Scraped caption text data

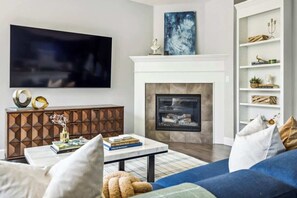 A modern living room with a fireplace, a flat-screen TV, a bookshelf, and a sofa. - Modern Elegance | Pool Table | Walkable Area (Denver)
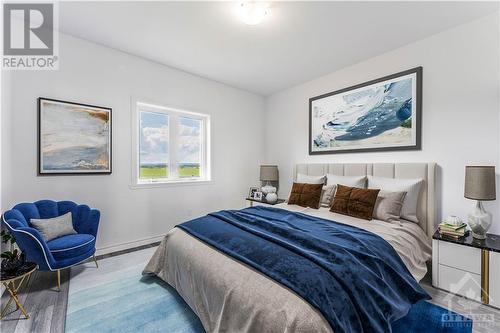 virtually stages master suiite - 1031 Jacynthe Street, Hawkesbury, ON - Indoor Photo Showing Bedroom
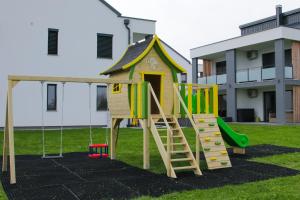 un parque infantil con tobogán y una casa en Apartmaji BANONIA " Poletni vetrc ", en Banovci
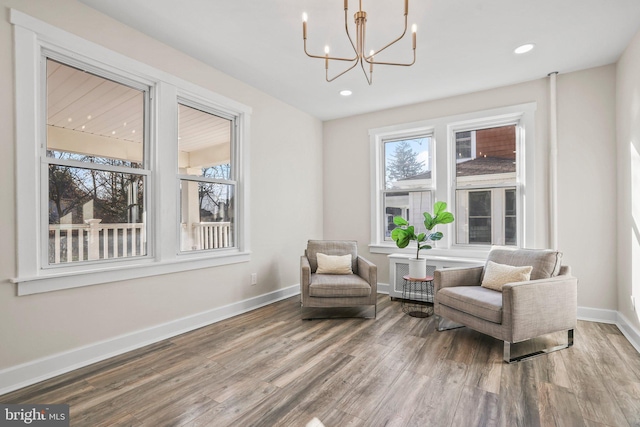 living area featuring a chandelier and hardwood / wood-style floors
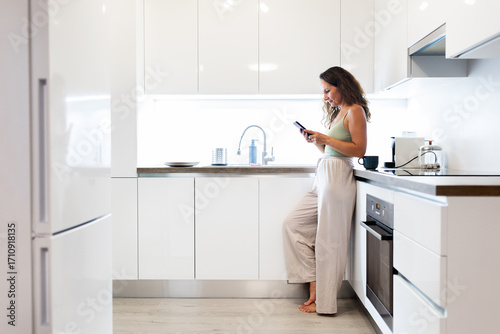 Cuadro en lienzo Young Caucasian woman at home kitchen leaning on counter while using smartphone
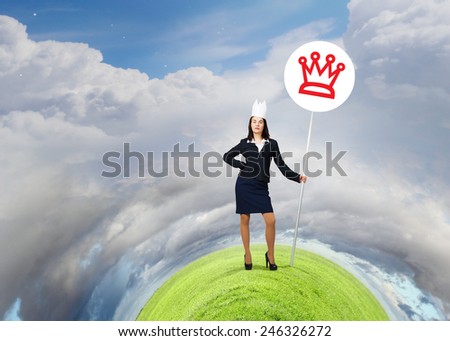 Young businesswoman in paper crown and sign in hands
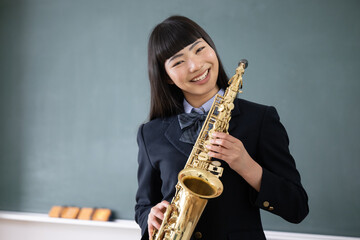 Students playing saxophone Images of brass bands and club activities looking ato camera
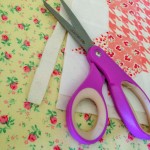 Step 2:  After quilting your block, trim the extra batting from the outside edges.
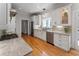 Bright kitchen features hardwood floors, stainless steel appliances, and white cabinetry at 22 The Prado Ne, Atlanta, GA 30309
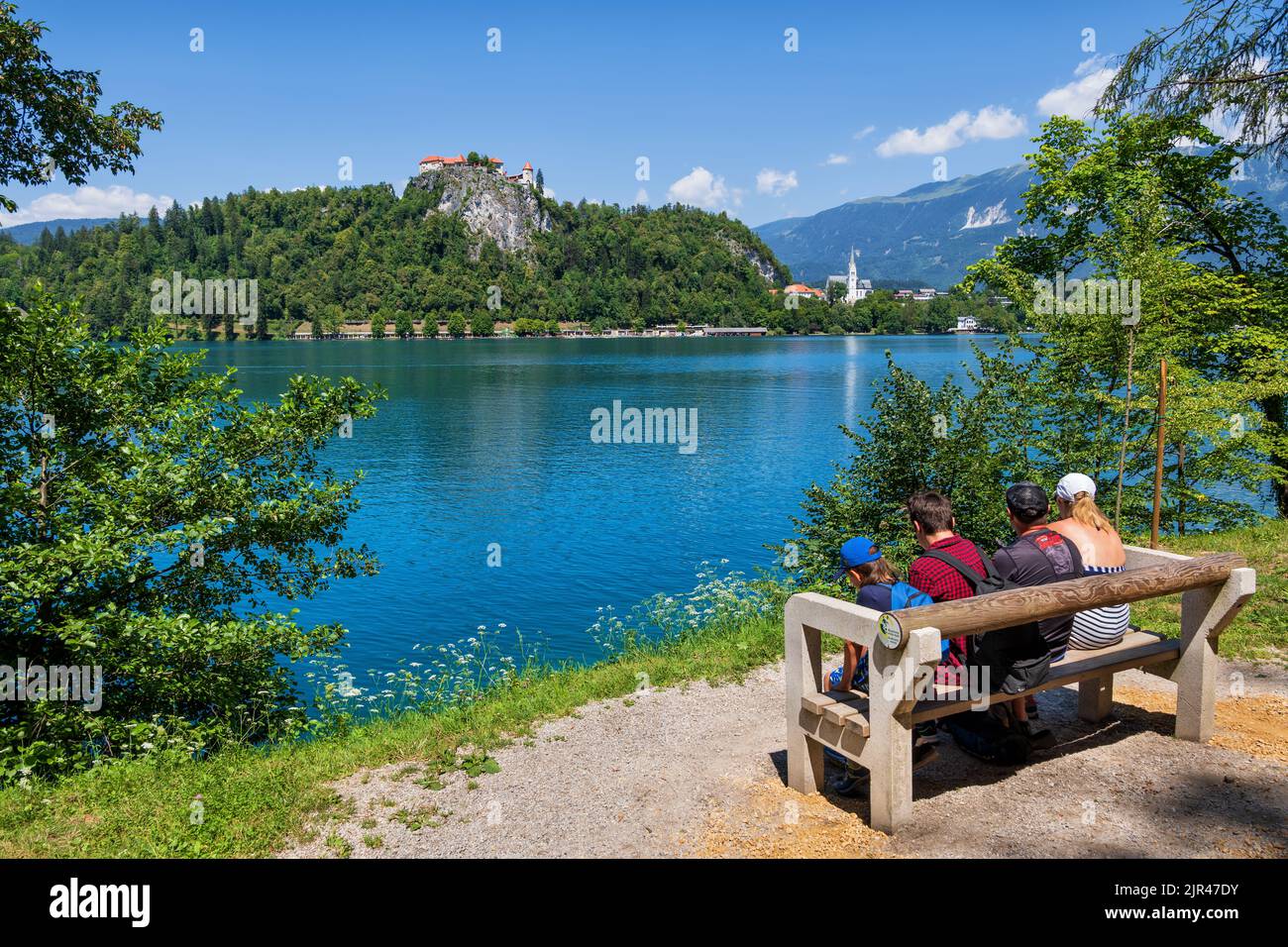 Bled, Slowenien - 18. Juli 2022: Die vierköpfige Familie genießt von einer Bank, einem beliebten Touristenziel, einen malerischen Blick auf den Bleder See und die Burg von Bled. Stockfoto
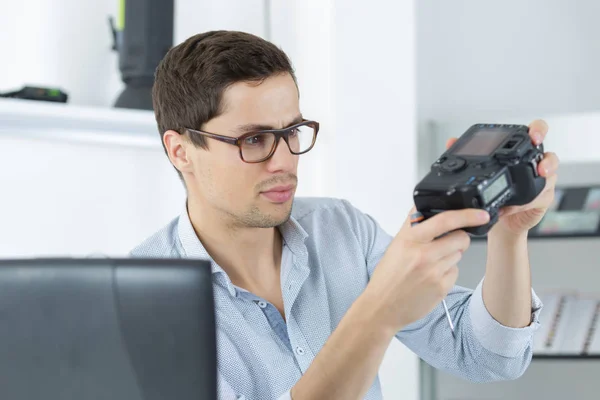 Giovane tecnico fiducioso sta fissando e pulendo una fotocamera digitale — Foto Stock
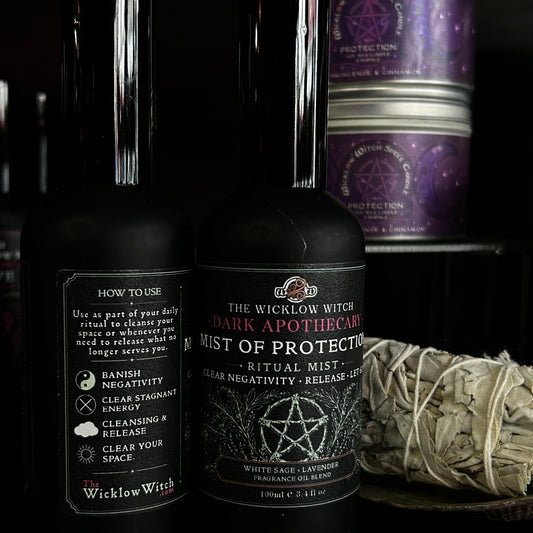 Two black spray bottles from The Wicklow Witch on a dark shelf, with one labeled 'Dark Apothecary Mist of Protection' in the foreground and purple-labeled jars behind it, plus a white dried sage bundle on the right.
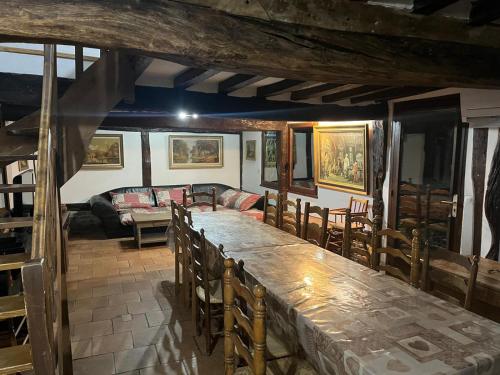 Una sala de estar con una gran mesa y sillas de madera. en DOMAINE DU BOIS L'ABBE, en Épaignes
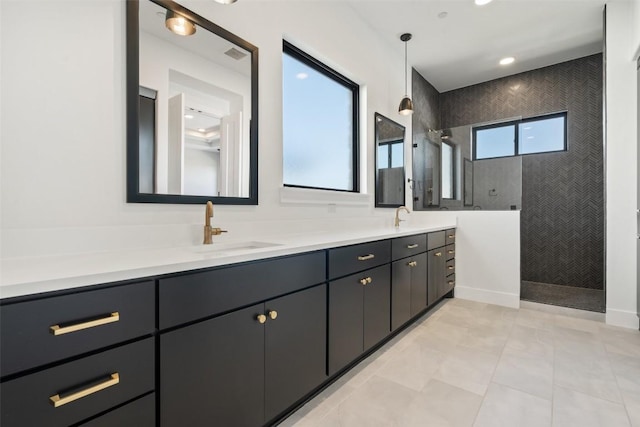 full bath featuring double vanity, walk in shower, and a sink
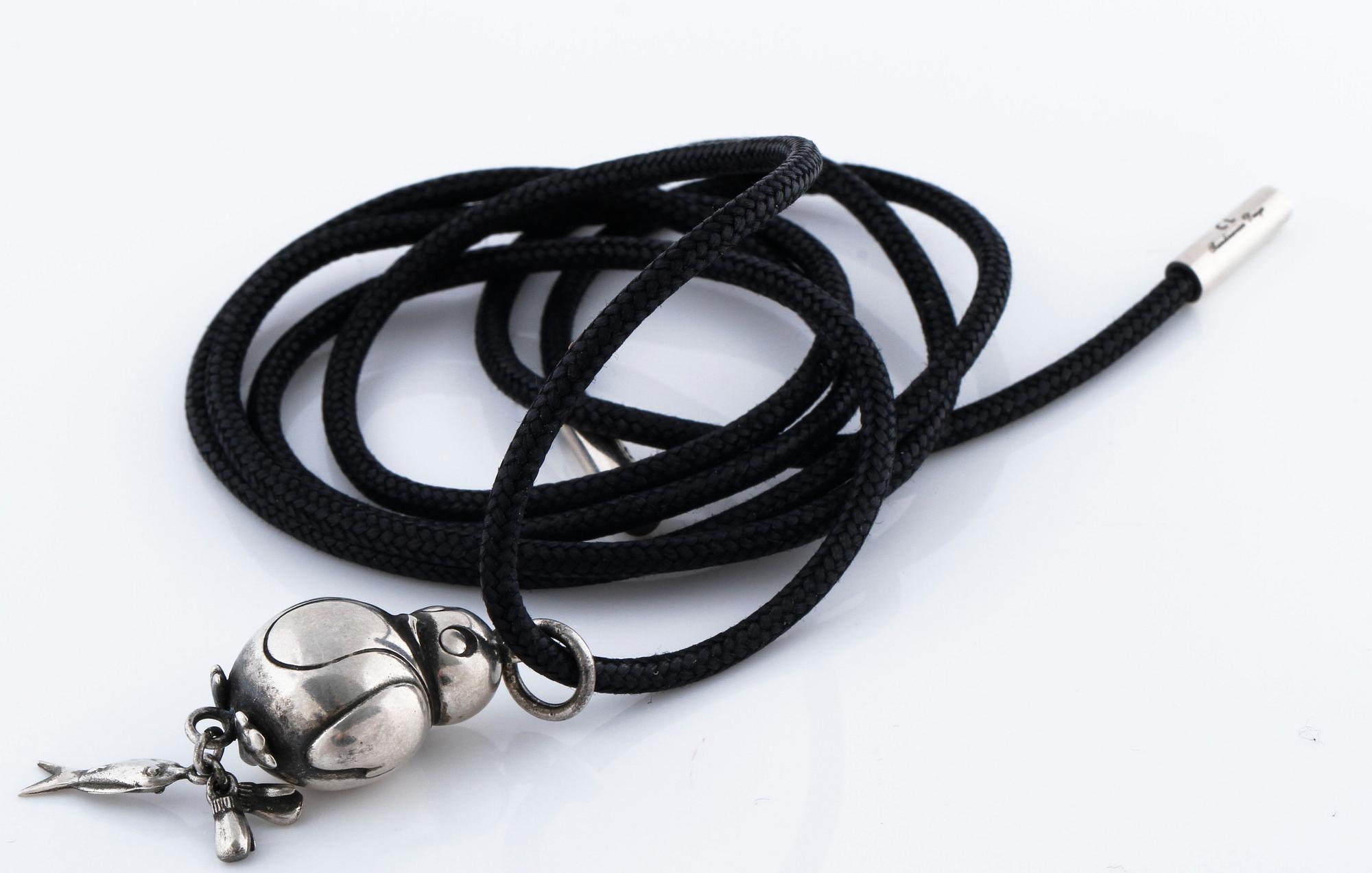 A pendant, "My friend" by Ole Lynggaard.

Goal of the exercise: Produce the entries again, word for word, without any of their pictures.

Written solution:
 A modern living room with a fireplace, a flat-screen TV, a bookshelf, and a sofa. - Modern Elegance | Pool Table | Walkable Area (Denver)
 virtually stages master suiite - 1031 Jacynthe Street, Hawkesbury, ON - Indoor Photo Showing Bedroom
 un parque infantil con tobogán y una casa en Apartmaji BANONIA " Poletni vetrc ", en Banovci
 living area featuring a chandelier and hardwood / wood-style floors
 Cuadro en lienzo Young Caucasian woman at home kitchen leaning on counter while using smartphone
 Young businesswoman in paper crown and sign in hands
 Students playing saxophone Images of brass bands and club activities looking ato camera
 Step 2:  After quilting your block, trim the extra batting from the outside edges.
 Bright kitchen features hardwood floors, stainless steel appliances, and white cabinetry at 22 The Prado Ne, Atlanta, GA 30309
 Bled, Slowenien - 18. Juli 2022: Die vierköpfige Familie genießt von einer Bank, einem beliebten Touristenziel, einen malerischen Blick auf den Bleder See und die Burg von Bled. Stockfoto
 Giovane tecnico fiducioso sta fissando e pulendo una fotocamera digitale — Foto Stock
 Two black spray bottles from The Wicklow Witch on a dark shelf, with one labeled 'Dark Apothecary Mist of Protection' in the foreground and purple-labeled jars behind it, plus a white dried sage bundle on the right.
 Una sala de estar con una gran mesa y sillas de madera. en DOMAINE DU BOIS L'ABBE, en Épaignes
 full bath featuring double vanity, walk in shower, and a sink
 A pendant, "My friend" by Ole Lynggaard.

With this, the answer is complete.